▸ **The data**:
======

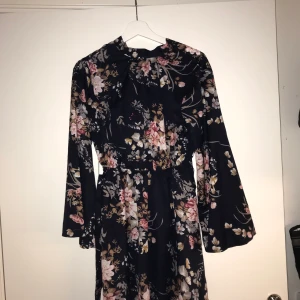 Svart blommig klänning - Storlek S, knappt använd.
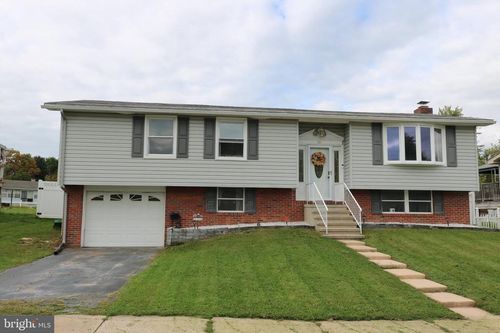 507 Oakwood Dr, DOVER, PA, 17315-1325 | Card Image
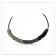 Collier ZIG ZAG no 87, de l'artiste Sandrine Giraud, couleur, noir, gris et argent. Ce bijou marie avec élégance la grâce et l’originalité des lignes.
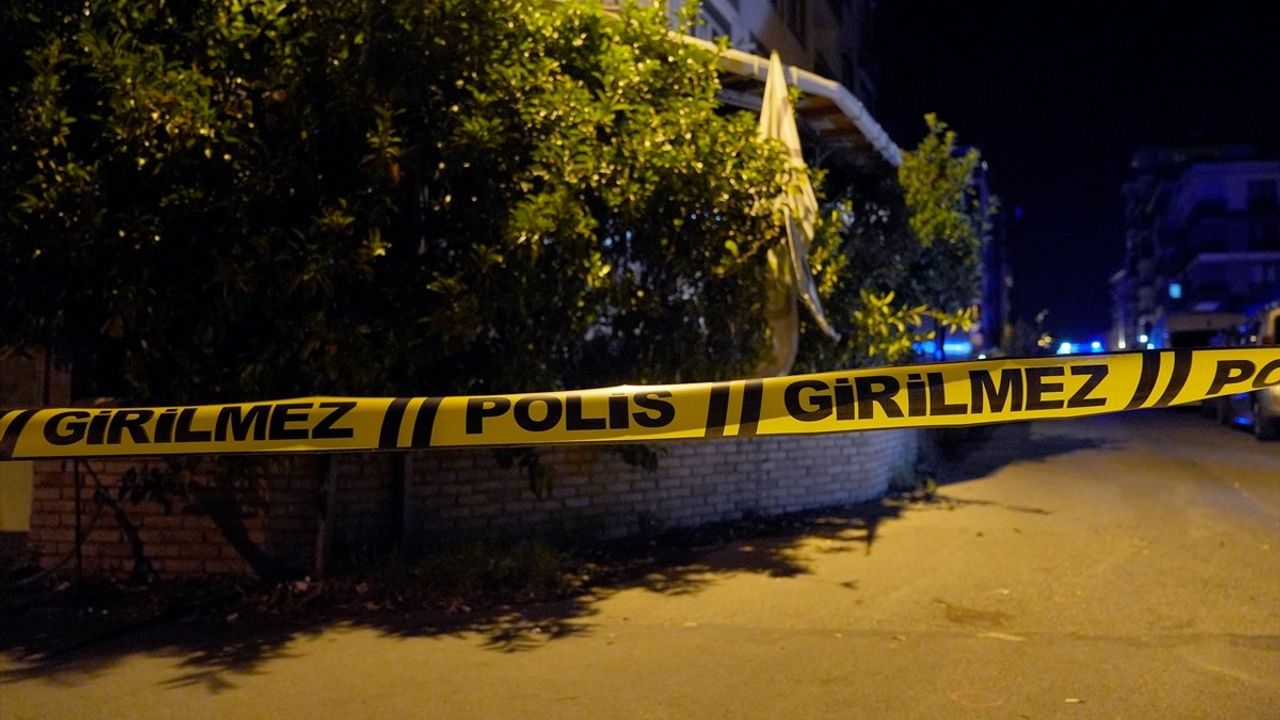 Sultanbeyli'de kafeteryaya yönelik silahlı saldırıda ev ve araçlara kurşun isabet etti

======

▸ **What to do**: For this exercise, output only the lines from the one bearing "507 Oakwood Dr, DOVER, PA, 17315-1325" to the end of the material above, exactly as written, with pictures left out.

▸ **Exercise output**:
 507 Oakwood Dr, DOVER, PA, 17315-1325 | Card Image
 Collier ZIG ZAG no 87, de l'artiste Sandrine Giraud, couleur, noir, gris et argent. Ce bijou marie avec élégance la grâce et l’originalité des lignes.
 Sultanbeyli'de kafeteryaya yönelik silahlı saldırıda ev ve araçlara kurşun isabet etti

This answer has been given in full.